La scelta
di Giovanni Dozzini
(Pubblichiamo un estratto dal nuovo romanzo di Giovanni Dozzini – La scelta, Nutrimenti – per gentile concessione dell’editore. Nel giugno del 1944 l’Italia è divisa in due. I tedeschi continuano a dettare la loro legge spietata di occupatori, ma gli alleati li costringono a ritirarsi progressivamente verso nord. Nel cuore del paese, poco sopra la linea del fronte, uno sparuto numero di ebrei scampati alla deportazione ha trovato rifugio su un’isola. Nel vicino villaggio gli abitanti sanno della loro presenza e hanno sempre fatto finta di niente. Ma quando incombe il pericolo imminente di una rappresaglia tedesca dovranno decidere cosa fare di sé e degli ebrei.)
Il giorno in cui la guerra dilaniò Isola cominciò con un sole tremolante e notizie di buona pesca che si spargevano velocemente lungo l’unica via del paese. La notte, sopra Castiglione, era stata tutto un circo di bengala e di bombe, aerei scuri nell’oscurità che sputavano fiamme di luce e d’esplosivo, facevano tremare i cristiani e spingevano i pesci nelle reti. Le barche erano partite poco prima che il cielo cominciasse a prender fuoco, e avevano assistito allo spettacolo ferme d’impotenza in mezzo al lago. Un’ora prima dell’alba era finito tutto, e i pescatori tiravano a bordo i carichi di persicaccio, e quando fecero ritorno già dimenticavano il bombardamento cantando le loro canzoni. Le donne lavavano i pavimenti e preparavano le zuppe del pranzo, quelle con meno bocche da sfamare avevano già sbrigato gli affari di casa e s’erano messe ai ferri, qualcuna sulla strada, qualcuna alla finestra. Nella piazza ancora non riecheggiava il fischio di Ercolino, il calzolaio, che da quando aveva smesso di pescare, mezza vita prima, aveva preso a svegliarsi, diceva lui, a un’ora da signore. Era silenzio, quindi, perché i pescatori risparmiarono presto il fiato per sistemare il pesce e portarlo alla cooperativa. Chi rimaneva si dedicava alle reti, le ripuliva e le stendeva al sole e cercava le falle e i nodi più allentati, mentre i gatti s’avvicinavano invocando gli avanzi mozzati della pescata. Quanto era accaduto il giorno precedente, e quanto era accaduto due notti prima, sembravano dimenticati, o ignorati senza sforzo. Quella era la normalità, o almeno la normalità della guerra, perché il pesce si vendeva meno e peggio, e la fatica di vivere si faceva sempre più sentire.

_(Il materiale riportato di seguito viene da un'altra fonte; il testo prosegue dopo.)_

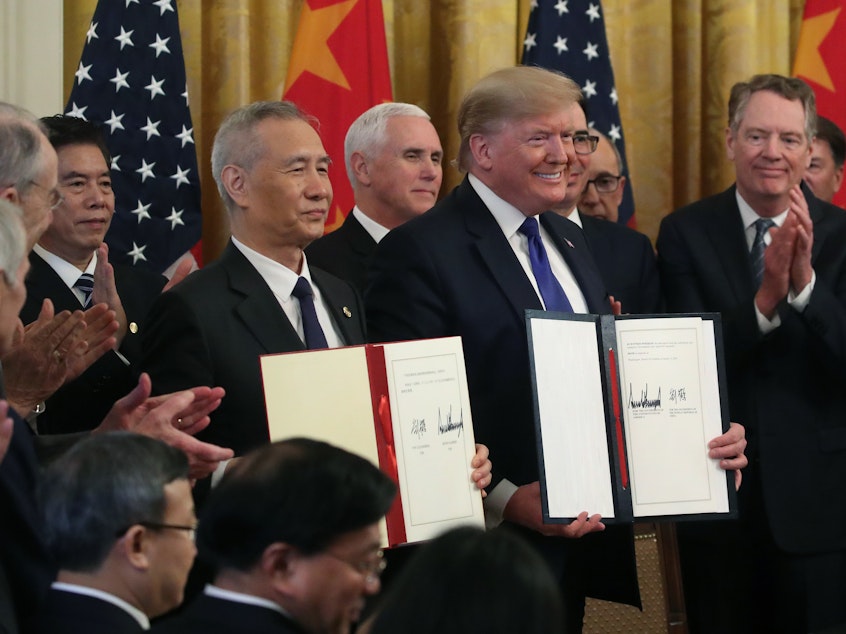 WASHINGTON, DC - JANUARY 15, 2020: Donald Trump and Chinese Vice Premier Liu He, hold up signed agreements of phase 1 of a trade deal between the U.S. and China, in the East Room at the White House.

I discorsi fatti da Don a Torresi e agli altri avevano tranquillizzato tutti, ma il prete in realtà non era tranquillo affatto. Il fronte correva, la faccenda dei polli dimostrava quanto i tedeschi fossero nervosi, e poi c’era la gente del Castello lasciata al proprio destino, e quindi pericolosissima. Lo stesso Cenci, il capo delle guardie, il giorno prima gli era sembrato indeciso, quasi disorientato: era rimasto da solo, e non sapeva cosa fare di sé e della sua famiglia. Da quando i ragazzi della guarnigione lo avevano mollato aveva lasciato la casa in paese e s’era portato tutti al Castello, la moglie, il padre anziano e i due figli, più per non dover rispondere alle domande degli isolani, pensava il prete, che per qualche forma di prudenza o di progetto. La strada dal Castello al paese non l’aveva percorsa nessuno nelle ultime trentasei ore, da prima della fuga nella pioggia, nessuno tranne lui, e a questo punto quella gente aveva bisogno di scendere per procurarsi un po’ di cibo. L’allarme per gli spari dei tedeschi per loro s’era già esaurito, la fame reclamava la sua parte, e una giornata intera, per come stavano messe le cose, era molto più di una giornata. Adesso Don si rammaricava per non aver portato con sé perlomeno una sporta di pane e un po’ di pesce, quando era andato a parlare con Cenci subito dopo l’incidente. Sarebbero scesi, quindi, come erano scesi sempre, di tanto in tanto, e ancor di più nei pochi giorni da quando erano partite le guardie. A meno che non li avesse anticipati lui, andandogli perlomeno incontro. Fece colazione col formaggio, si alzò di scatto e chiese ad Amalia di radunare del cibo. Lasciaci il necessario per un paio di giorni, le disse, il resto lo porto su. Quando le due borse di pelle furono pronte le imbracciò e s’avviò. Prese per San Salvatore e per San Michele, in modo da non dover attraversare tutto il paese. Era bene che nella testa degli isolani frullassero meno idee possibili.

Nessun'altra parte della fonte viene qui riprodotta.